#### Exercise brief:
From the entries below, print exactly the span beginning with the line holding "Camera IP 360" and ending with the line holding "ZWROTNICA LEWA LEWY", endpoints included, and skip any pictures.

#### Material shown:
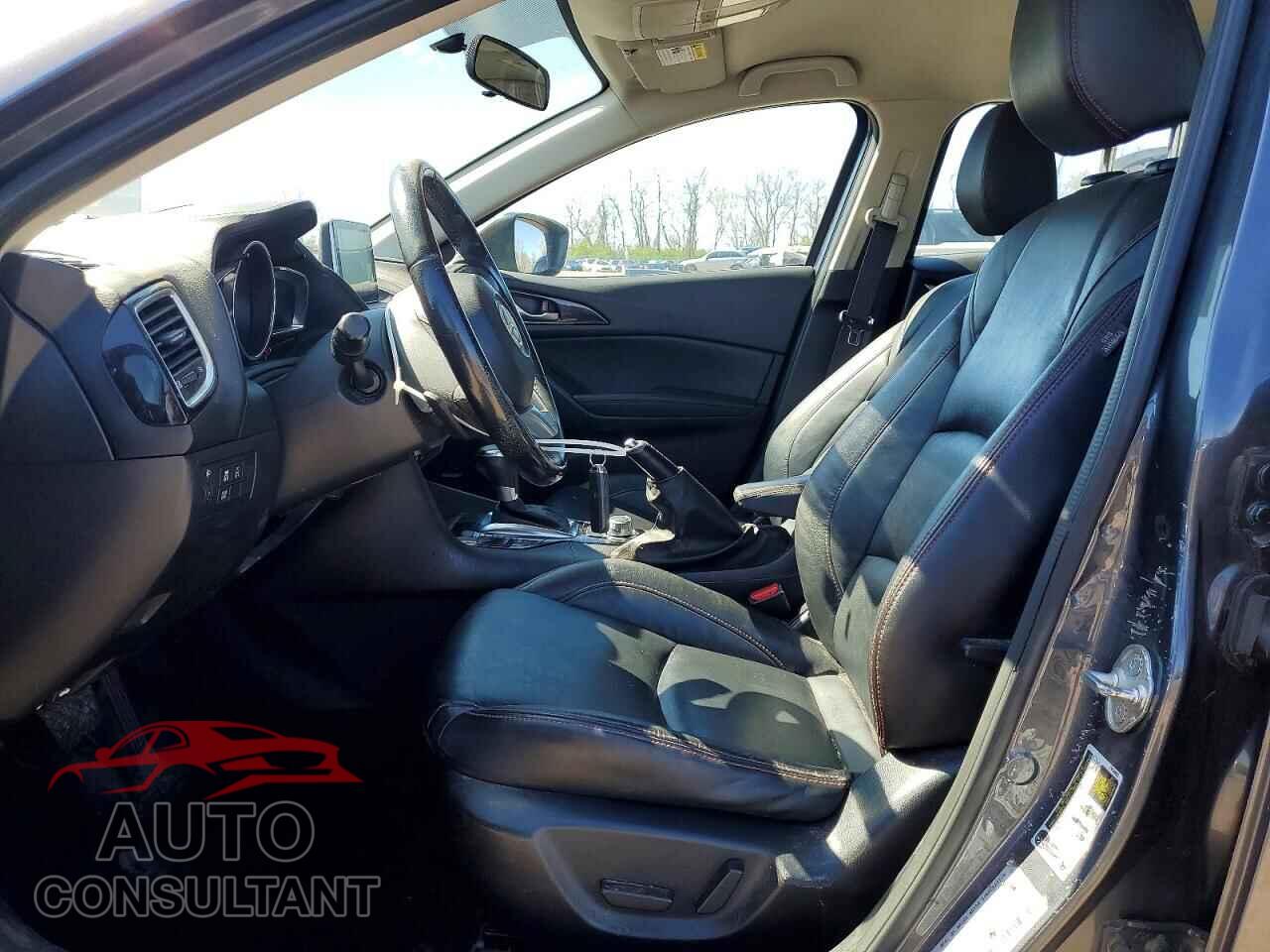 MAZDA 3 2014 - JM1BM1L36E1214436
...
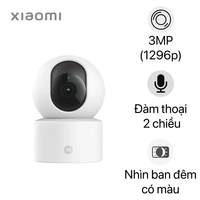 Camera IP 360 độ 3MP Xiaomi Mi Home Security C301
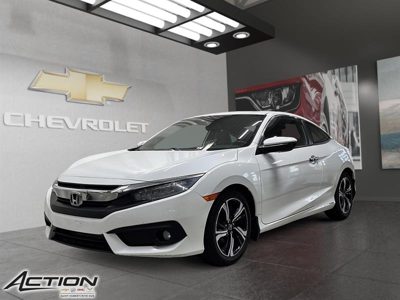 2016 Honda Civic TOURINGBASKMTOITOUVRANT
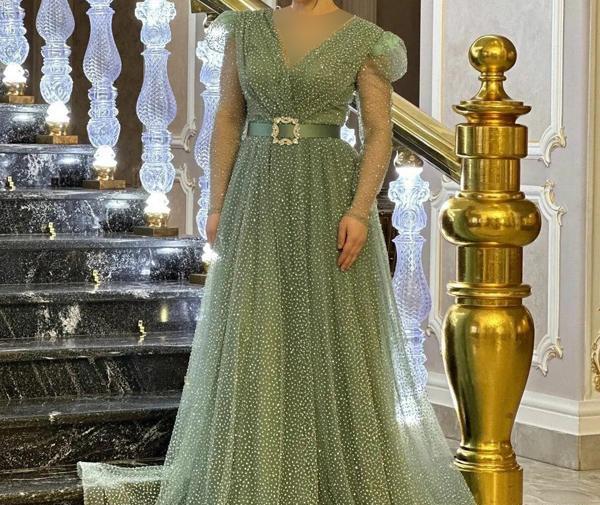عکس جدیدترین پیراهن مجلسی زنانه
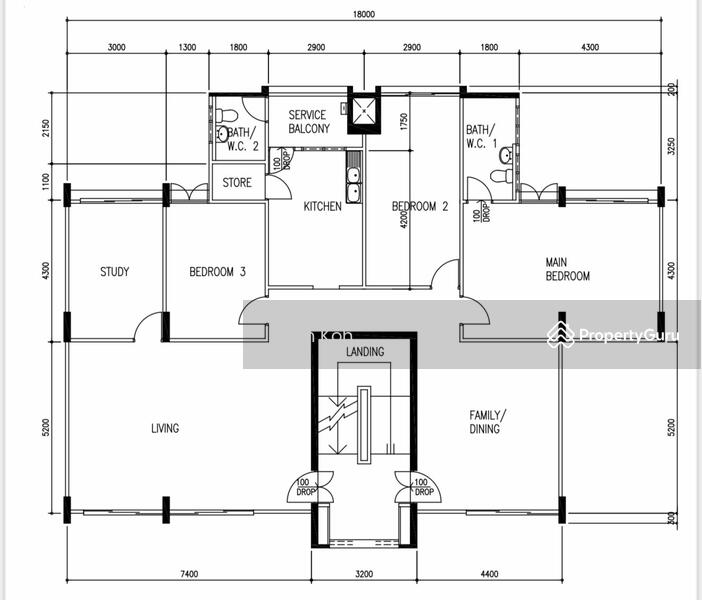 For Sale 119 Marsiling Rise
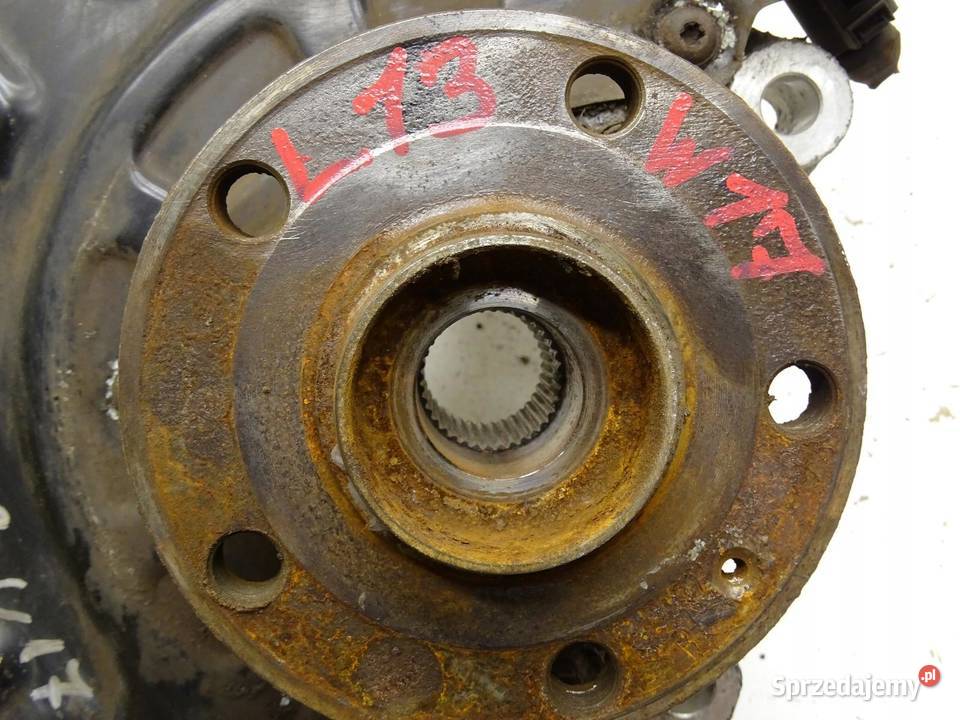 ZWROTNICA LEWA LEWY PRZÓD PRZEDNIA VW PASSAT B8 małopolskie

#### Result of the task:
 Camera IP 360 độ 3MP Xiaomi Mi Home Security C301
 2016 Honda Civic TOURINGBASKMTOITOUVRANT
عکس جدیدترین پیراهن مجلسی زنانه
 For Sale 119 Marsiling Rise
 ZWROTNICA LEWA LEWY PRZÓD PRZEDNIA VW PASSAT B8 małopolskie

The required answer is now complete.